Wednesday, March 5, 2014
human being being human
Our Lenten teaching series is entitled "human being being human" as we centre our thoughts this season on the nature of human existence, living in the physical bodies which we understand are from dust and will return to dust. What is the nature of human life in these vessels of clay and how do we relate our day to day material lives with the spiritual realities of God and the future transformation of these bodies?

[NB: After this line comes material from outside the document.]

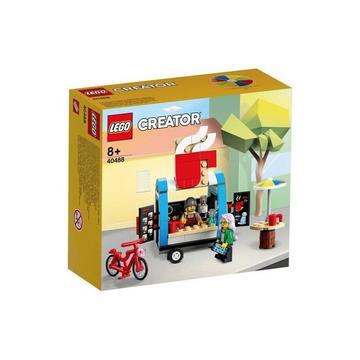 LEGO Creator Kaffeewagen 40488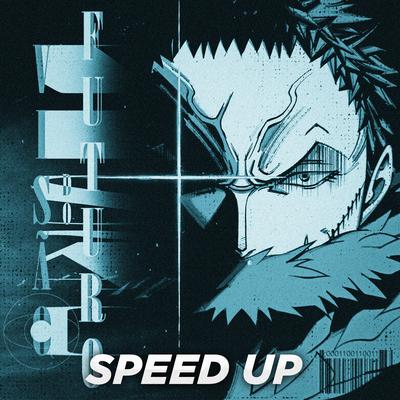 Visão do Futuro (Speed Up) By PeJota10*'s cover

Ash Wednesday. "You are dust and to dust you shall return" was the declaration the first Adam heard after the great Fall. On Ash Wednesday we begin the journey of Lent, a season of humility and repentance. We remember indeed that we are dust and acknowledge that to dust we are bound to return. We meditate on the meanness of dust, its lowliness and lack of beauty. And know that we are such. The practice of marking the forehead with ashes, smudged in the form of a cross, begun in the seventh century, in the Catholic, Anglican and many other Protestant churches reminds us of our mortality, making the hope of Easter and resurrection all the more critical. In earlier days the imposition of ashes was part of an ecclesiastical penitential ritual for people who had been expelled from the church for serious sin -whereby they could make a public sign of their repentance. They then undertook acts of penance throughout Lent and were formally restored to the church community at Easter.
What will be your path through Lent? A sober remembering that we are mortal? A grieving period concerning the weakness of "human flesh"? A season of repentance over sinful ways? A season of penance? A season of simplicity and reformed spiritual disciplines? Let's walk and talk together on this Coracle Journey.